又到一年一度农历七月初七,七夕节,乞巧节,牛郎织女九天银河鹊桥会,演绎着纯真的爱情故事,也成为中国人的情人节。
人到佳节倍思亲,每当夏日繁星当空,我都会仰望星空,寻找我失去的双亲,阿爸和嬷妈,我是南京人,用当地方言如此称呼我的双亲一辈子。联想起她们相濡相沫,一起携手度过结婚70年的铂金婚,走完相亲相爱七十多年快乐人生。

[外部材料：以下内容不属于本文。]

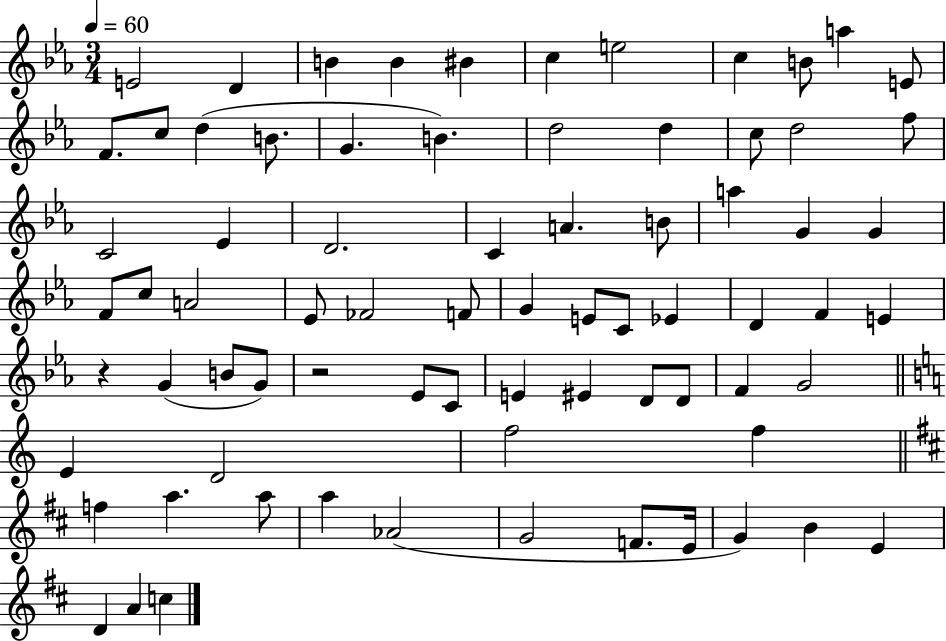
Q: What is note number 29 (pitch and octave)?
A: A5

我阿爸出身于1911年,是辛亥革命的同龄人,大我嬷妈七岁,,嬷妈生于1918年,属马.两人缘于青梅竹马,十六岁就成婚生子,相夫教子,为张氏家生了四男四女八个孩子,当了一辈子的贤妻良母,家庭妇女。
我阿爸从小就好学要强,为人正直,知书达礼,不愿继承我爷爷一手好手艺,专做旗袍中装的裁缝职业,自学考进南京邮政局,端上了摔不破的橡皮饭碗职业,听我阿爸说,他在南京曾经给梅园新村送过信.1949年南京解放,阿爸抽调至华东邮政干校学习,1951年,在他而立之年分配来常州邮政局工作,,举家搬迁,拖儿带女,带着五个孩子来到举目无亲的常州,为了不给组织找麻烦,没有申请武宜路上的邮电新村单位房,自已在博爱门内放生池旁租了一间私人的西厢房安家落户,唯一变化的是,南京享有83元的月工资来到常州三等城市减去地区差变成71元,这在当时可是了不起的高工资,这工资一直伴随着阿爸到上世纪七十年代退休一直没变动。到常州安居乐业才五年,又有两个弟弟一个妹妹相继来到人间,长子已经21岁,末郎头还在襁褓之中。好在大哥考上南京电力学校离家升学,爷爷又因摔断双腿,支着双拐来到常州,一家十余口,全靠父亲一个人的工资维持基本生活,供子女上学,,嬷妈在家每天把阿爸装扮得光鲜耀人,笔挺的中山装,两条缝的裤子,黑皮鞋,金丝眼镜,还有一块折成方块的府绸彩格手帕,两个辅鸡蛋一砚阳春面是我阿爸几十年如一日必备早餐,然后步行去上班,而家中其他人,早上一大锅稀饭,中午一大锅菜饭,每顿都分好份吃。穿衣更是新三年,旧三年,缝缝补补再三年,大的穿不下小的接着穿。但都给嬷妈料理得干干净净,整整齐齐,嬷妈每天在井台上洗衣服,再艰苦的日子扛着过,也没丢弃和送走一个孩子。为了维持家用,嬷妈到市中心百货大搂对面的德和服装承接分包针线活,扛回批量衣裤代撬边,锁洞订钮扣,我们是全家总动员,嬷妈撬边,阿爸承载祖传裁缝的基因,下班回家就飞针走线锁起钮扣孔,就连我,也要帮助订钮扣,嬷妈要求特别高,每个钮扣必须在十针以上,一点马虎不得。我嬷妈还有一手绝活,给中式服装和旗袍打盘相扣,阿爸将布剪成条,一头固定在桌上,撬成一条条,嬤妈手拿一个镊子,把布条打成一字扣,琵琶扣,蝴蝶扣,五花八门成为当时抢手货,用汗水共度难关。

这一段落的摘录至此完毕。